Sebagai gantinya, saya mencoba untuk memulai di awal, supaya bisa selesai sebelum deadline. Jika ternyata masih ada ide lain yang masih relevan, ide itu juga bisa dituangkan ke dalam tulisan.
Dengan demikian, saat hari deadline datang, seharusnya itu jadi satu momen istirahat nan melegakan, bukan momen  menyeramkan.
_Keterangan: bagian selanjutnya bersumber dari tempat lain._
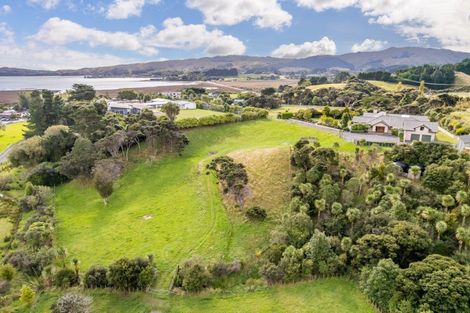 Photo of property in 32 Paekakariki Hill Road, Pauatahanui, Porirua, 5381
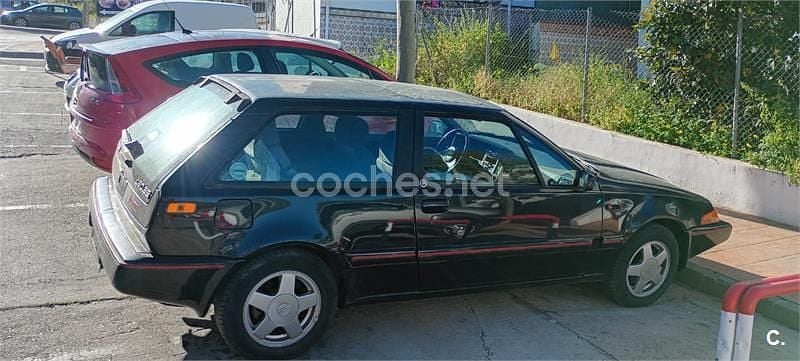 Usado Volvo 480 109 CV (80 kW) 1992 Negro Coupe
Jika tata tertibnya benar-benar ditegakkan, detik-detik setelah deadline berlalu seharusnya jadi puncak kelegaan.
Baru-baru ini, saya mengikuti sebuah lomba menulis artikel di Kompasiana, yang deadline-nya baru saja tuntas, Minggu (26/9) tengah malam WIB.
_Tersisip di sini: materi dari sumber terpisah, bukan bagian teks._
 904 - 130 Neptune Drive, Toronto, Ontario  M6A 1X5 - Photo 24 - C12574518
Berangkat dari ajakan beberapa senior untuk mencoba lagi, saya memutuskan untuk mencoba, setelah sebelumnya sempat meraih juara ketiga, pada satu lomba menulis artikel dengan topik dari bidang serupa.
Semua itu berhasil "mengompori" saya yang sebelumnya enggan. Pengalaman yang sudah-sudah jadi pertimbangan. Satu-satunya hal yang membuat saya senang (untuk saat ini) dari lomba itu hanyalah bisa memposting artikel berikut gambarnya dengan selamat.
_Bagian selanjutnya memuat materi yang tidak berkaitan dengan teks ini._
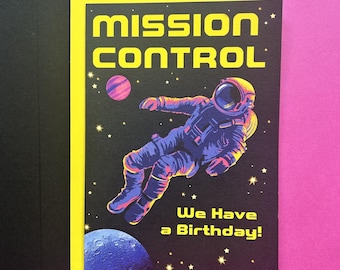 Tarjeta de cumpleaños de astronauta, ciencia ficción, espacio, neón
Di sisi lain, lomba menulis artikel yang belakangan saya ikuti, pelan-pelan menjadi semacam "trauma healing" buat saya, khususnya dalam hal lomba dan bersua "deadliners". Mungkin, inilah jalan untuk mendetoksifikasi memori kurang mengenakkan tersebut.
Dalam sebuah kompetisi, deadliners mungkin bukan lawan yang menyenangkan. Tapi, mereka adalah satu alasan utama, mengapa ikut berpartisipasi tanpa adanya target muluk, justru jadi terasa menyenangkan.
Tak ada tekanan atau harapan terlalu besar, tapi ada ruang cukup untuk lebih berkembang. Dengan demikian, apapun hasil akhirnya, ada kemajuan lain yang bisa jadi sangat berharga ke depannya.